__Data items__
◇ ◇ ◇

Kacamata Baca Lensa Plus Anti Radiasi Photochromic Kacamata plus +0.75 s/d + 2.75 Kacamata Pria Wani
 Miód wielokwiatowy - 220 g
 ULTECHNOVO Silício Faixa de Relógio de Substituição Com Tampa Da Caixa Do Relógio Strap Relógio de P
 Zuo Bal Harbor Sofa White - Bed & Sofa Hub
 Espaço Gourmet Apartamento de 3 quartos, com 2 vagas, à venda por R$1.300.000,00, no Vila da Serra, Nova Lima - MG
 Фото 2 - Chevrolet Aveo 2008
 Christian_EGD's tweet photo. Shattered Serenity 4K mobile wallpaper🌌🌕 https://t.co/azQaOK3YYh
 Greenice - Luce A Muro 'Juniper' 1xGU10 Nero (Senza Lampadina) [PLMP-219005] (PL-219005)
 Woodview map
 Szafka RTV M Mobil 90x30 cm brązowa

◇ ◇ ◇

__What you are asked to do__
Using the entries shown above, reproduce verbatim the lines from the line bearing "Zuo Bal Harbor Sofa White - Bed & Sofa Hub" to the line bearing "Christian_EGD's tweet photo.", inclusive.

__Answer area__
 Zuo Bal Harbor Sofa White - Bed & Sofa Hub
 Espaço Gourmet Apartamento de 3 quartos, com 2 vagas, à venda por R$1.300.000,00, no Vila da Serra, Nova Lima - MG
 Фото 2 - Chevrolet Aveo 2008
 Christian_EGD's tweet photo. Shattered Serenity 4K mobile wallpaper🌌🌕 https://t.co/azQaOK3YYh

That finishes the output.